▶ _Entries shown_:
=======

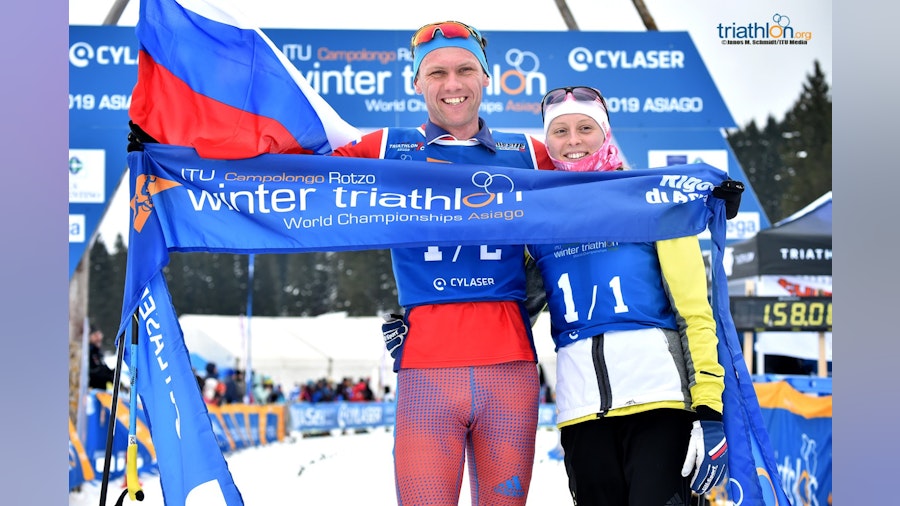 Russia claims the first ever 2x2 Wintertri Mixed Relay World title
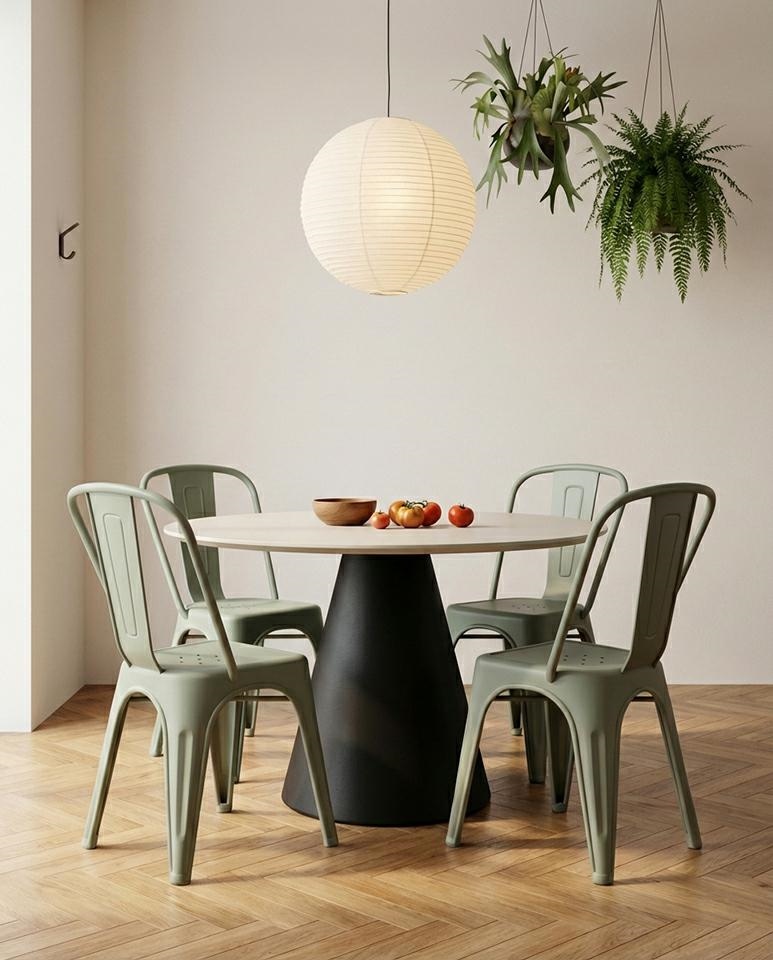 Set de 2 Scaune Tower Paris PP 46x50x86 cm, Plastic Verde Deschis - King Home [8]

=======

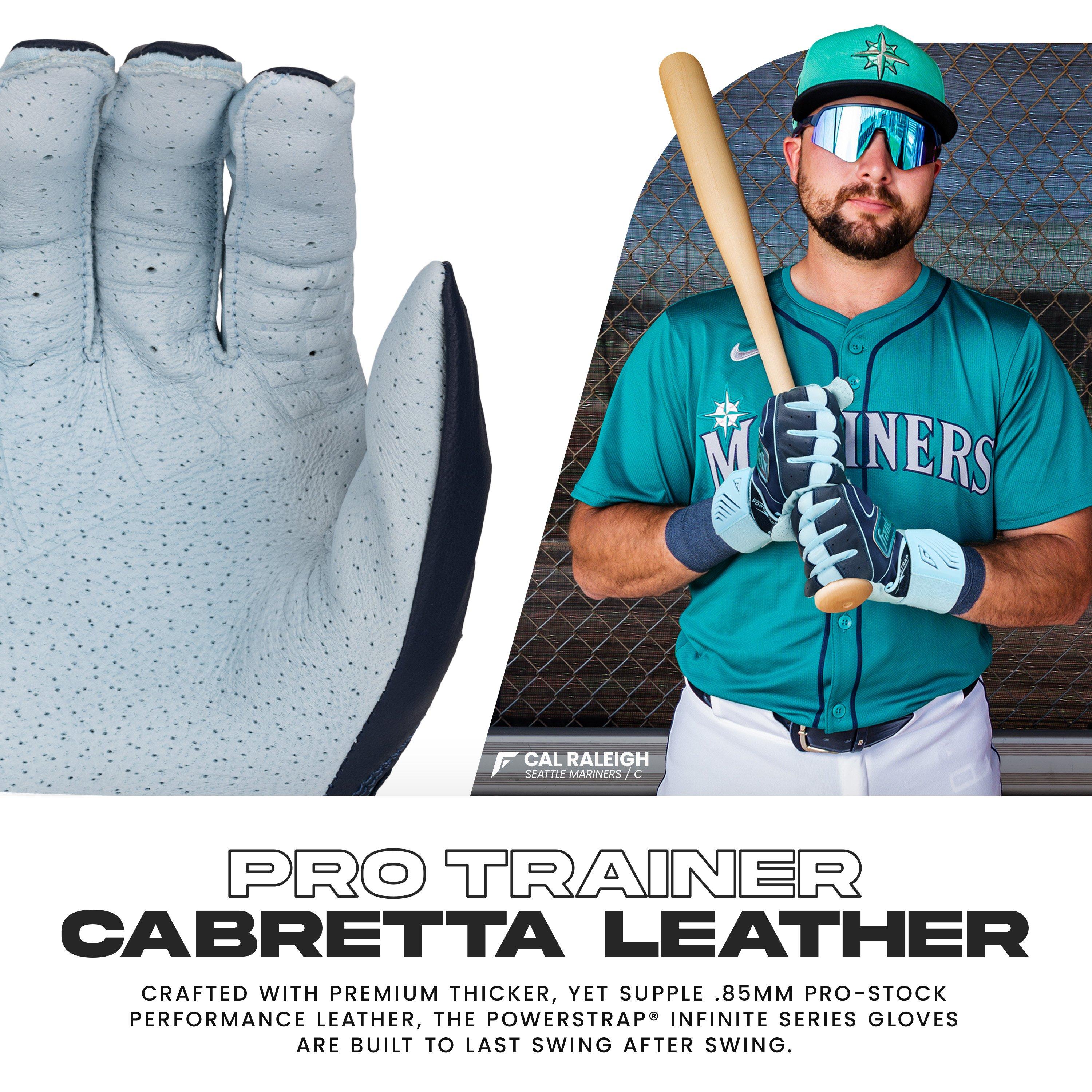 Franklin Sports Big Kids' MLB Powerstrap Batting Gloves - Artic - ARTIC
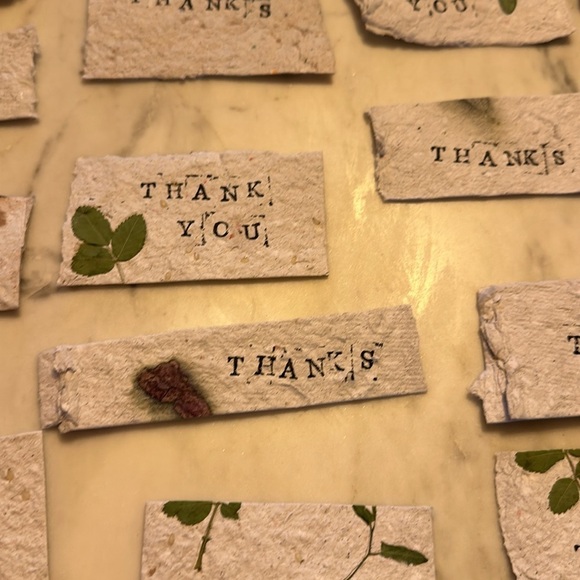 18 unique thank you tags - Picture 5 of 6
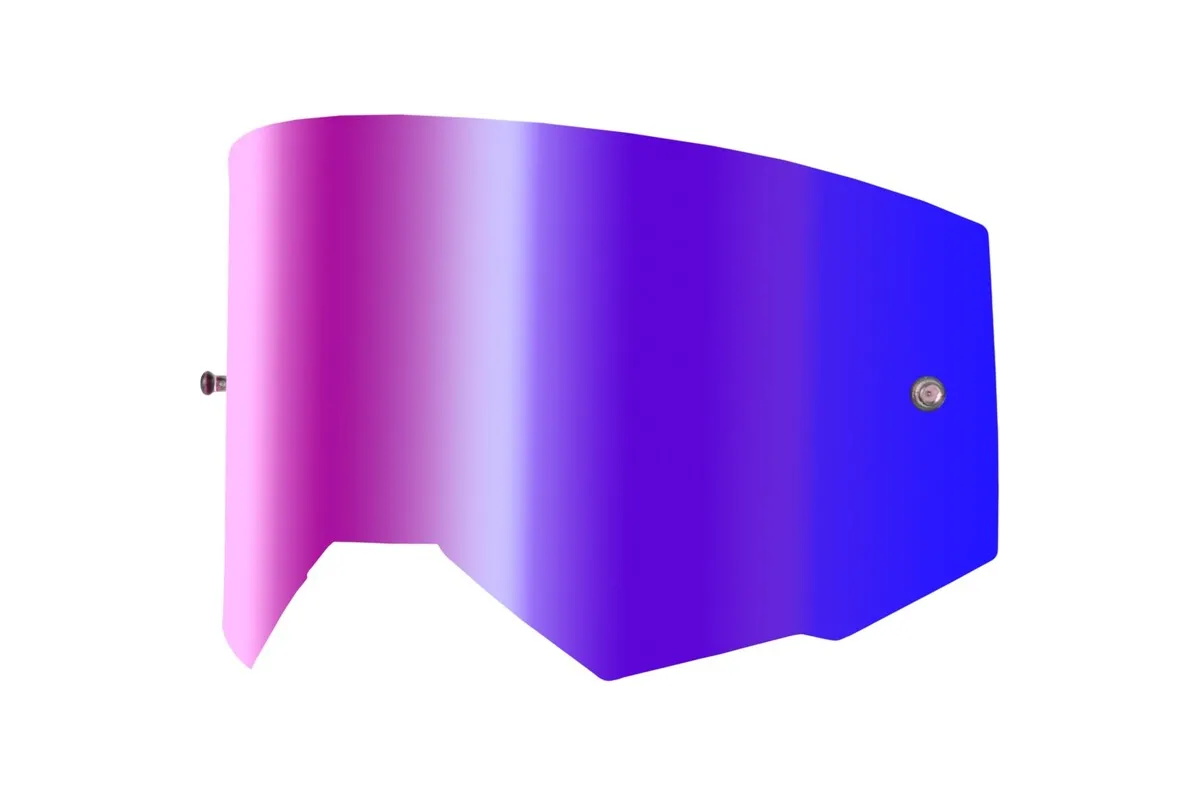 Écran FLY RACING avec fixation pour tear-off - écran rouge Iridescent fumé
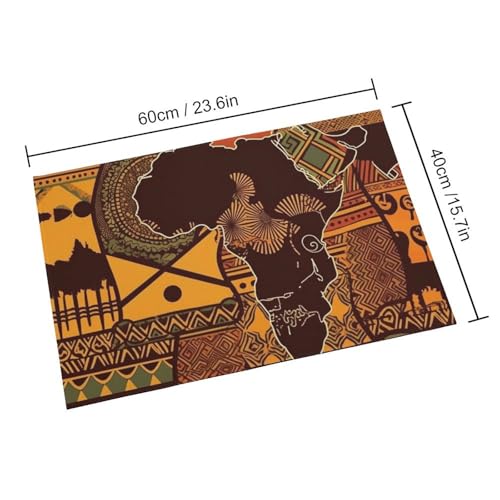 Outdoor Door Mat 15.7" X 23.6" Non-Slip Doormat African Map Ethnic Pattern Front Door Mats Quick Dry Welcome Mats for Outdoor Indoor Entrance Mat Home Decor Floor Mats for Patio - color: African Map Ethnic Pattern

=======

▶ _Task instructions_: When you reach the line with "Écran FLY RACING" in the records above, start writing out each line exactly, and stop after the line with "Outdoor Door Mat". Pictures stay out.

▶ _Task response_:
 Écran FLY RACING avec fixation pour tear-off - écran rouge Iridescent fumé
 Outdoor Door Mat 15.7" X 23.6" Non-Slip Doormat African Map Ethnic Pattern Front Door Mats Quick Dry Welcome Mats for Outdoor Indoor Entrance Mat Home Decor Floor Mats for Patio - color: African Map Ethnic Pattern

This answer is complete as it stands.